I just wanted to share a bit about the effects of looking on my life. I was a devotee of Osho for thirty years and all of this experience was incredibly rich and life-affirming.

The looking for me seemed to be pretty obvious from the beginning, this sense of me just a little obscured by 'spritual ideas' of what I should look like. Anyway I always had a spiritual dialogue going on in my head Osho's words pointers to the truth, etc. going on and on... I must say although I do listen to John a lot he has really succeeded in not turning this into a teaching, I don't hear his voice in my head HA! or if I do it's "just look'. I am the only one who can do it.

The self-reliance thing just never seemed possible for me until recently. I feel as the looking has really taken over my life, as the fear of getting it wrong lessens I am feeling less and less at stake in anything I express or don't express. It's all just fine and such a relief to feel I tell the truth more.

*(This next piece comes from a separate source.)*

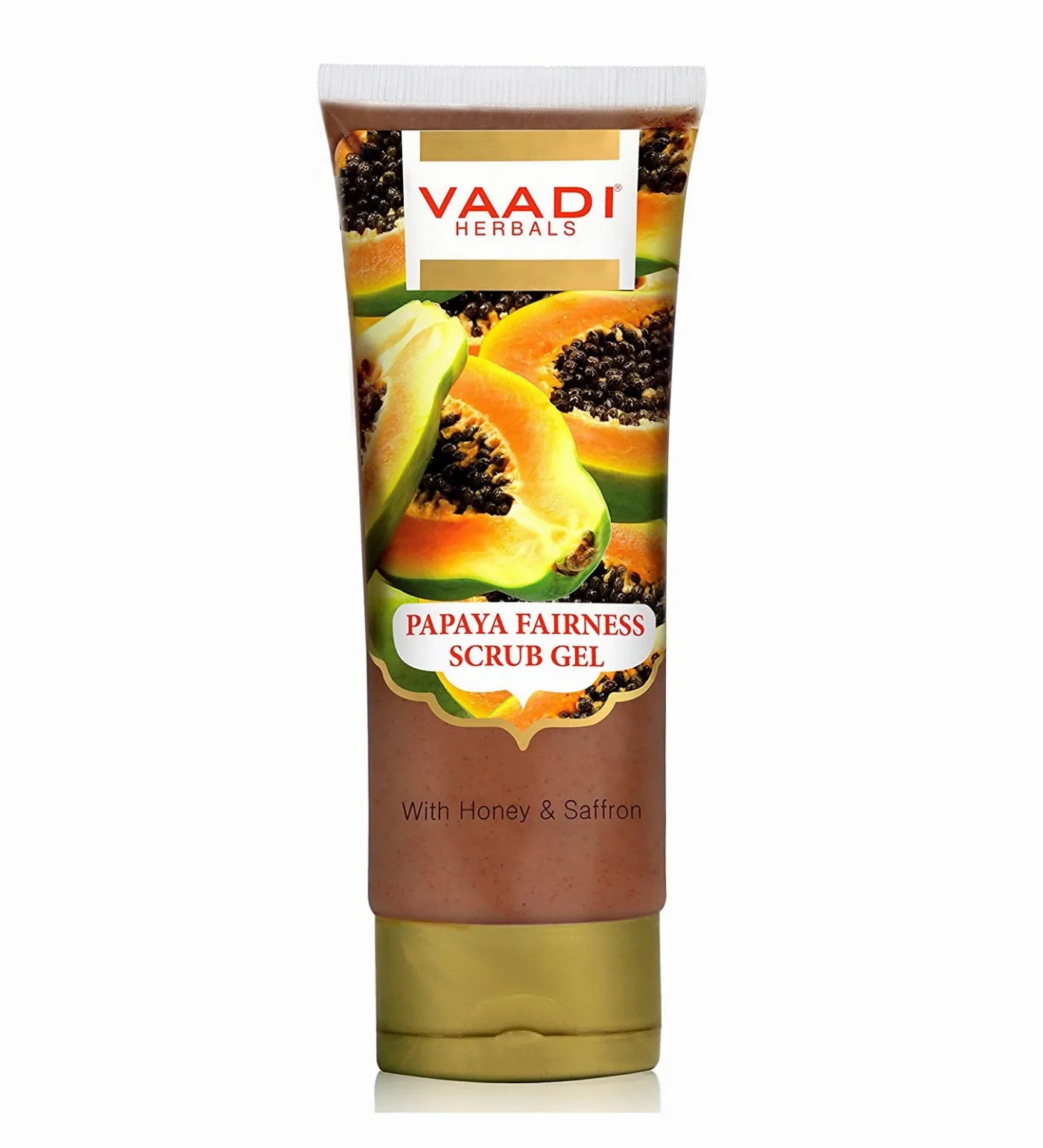 Гель-скраб очищаючий Папайя 110 г Vaadi Papaya Fairness Scrub Gel With Honey & Saffron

Also about money, since I began pledging to this work I am amazed at the abundance in my life. I live on a small pension and recently my brother offered me an all expense paid trip to Florida. My daughter loves to spend time with me since I'm not trying to control her life and she's always offering me gifts and outings. I really feel this trust that all I need will be provided. Isn't money an energy and we need it to keep this alive and kicking?

Maureen

I love that feeling or sense of abundance when it comes my way. Gratitude is always right on its heels. Sometimes overwhelm is around the corner, but less so these days. My brother equates money with energy and says that what goes out comes in. You can read that to mean that the more that goes out, the more that comes in. I don't know about that, but I do know my relationship with money has softened. Money triggers, true, but the amperage is mild so that the disturbance is nothing compared to what it used to be. Years ago I turned the handling of our finances over to my wife, and that kept me at a greater distance. That would no longer be as helpful today as it was then, thanks in large part to the looking. And it's not that I'm more financially secure now than then, and it's not that I've gotten clearer about it or more balanced or understanding or anything whatsoever to do with what I think or the ideas and concepts I've developed. The looking has worked across the board in diminishing the drive to do something about any situation or set of circumstances for the sake of survival or need to satisfy any of my neurotic themes. Instead, I do because I do, and that's kind of the end to it. I'm still interested in why I do it, but mostly as a matter of curiousity or habit.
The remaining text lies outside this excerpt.